Artist Statement from Cindee Travis Klement
“I currently live in the heart of Houston. Located on the far east side of Texas, the city is an important migratory pathway and covers 600 square miles of what once was the coastal prairie. One of the most biodiverse ecosystems in the entire US, less than 1% remains of this prairie system. In August 2017, Houston received just under 52 inches of rain in a matter of days.
“Unfortunately, with urban conformity to concrete and turf grass, despite its cultural diversity and location on fertile coastal plains, Houston’s insects and flowers are disappearing along with the long-gone bison. The natural systems that once protected and nurtured the region’s ecological diversity are rapidly becoming encased in urban development. Ironically, Houston is now just as much an ecological desert as my early home in far west Texas.

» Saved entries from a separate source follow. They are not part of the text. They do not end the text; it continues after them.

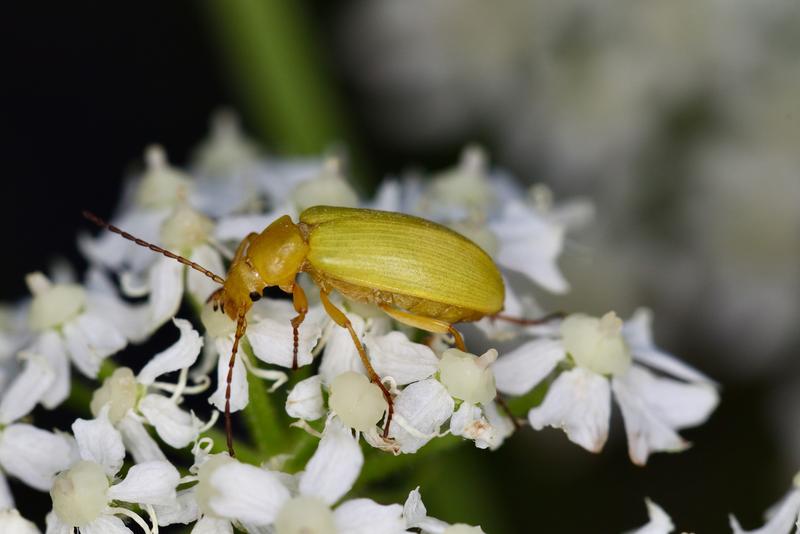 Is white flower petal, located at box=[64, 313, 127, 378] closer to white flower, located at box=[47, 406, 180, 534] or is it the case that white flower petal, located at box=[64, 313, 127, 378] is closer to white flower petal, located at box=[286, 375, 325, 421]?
white flower, located at box=[47, 406, 180, 534]

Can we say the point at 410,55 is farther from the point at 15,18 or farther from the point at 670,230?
the point at 15,18

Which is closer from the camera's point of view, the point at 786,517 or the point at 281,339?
the point at 786,517

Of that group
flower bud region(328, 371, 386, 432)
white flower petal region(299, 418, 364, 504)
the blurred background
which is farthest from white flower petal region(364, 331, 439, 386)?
the blurred background

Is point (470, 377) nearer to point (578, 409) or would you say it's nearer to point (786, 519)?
point (578, 409)

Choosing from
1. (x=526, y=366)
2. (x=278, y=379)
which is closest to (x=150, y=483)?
(x=278, y=379)

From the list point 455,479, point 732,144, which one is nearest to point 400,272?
point 455,479

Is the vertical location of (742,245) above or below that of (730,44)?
below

“A few years ago, as I was developing my project World of Hum, I began to see my work in this city as an opportunity to have a positive impact on the environment – I want my work to help save the native bees, reduce water run-off, and support flood control. I am inspired by M. Thomashow, who writes, “Record natural history to the collective memory so that it is no longer endangered knowledge.” As I develop my projects, I research the natural functioning systems in Texas’ ecological history that build soil health and water absorption. I am repaving how we see urban landscapes to propose the holistic restoration of biological balance — awakening urban consciousness to our kinship with living systems and restoring what is lost. Through sculpture and printmaking, my work has always incorporated time and movement. Adapting these processes, including organic and living materials, I create new methods to develop narratives which inspire urban land conservation, extending our time on this planet. I believe that widespread environmental change begins with envisioning (and making visible) the wisdom already inherent in the natural world.”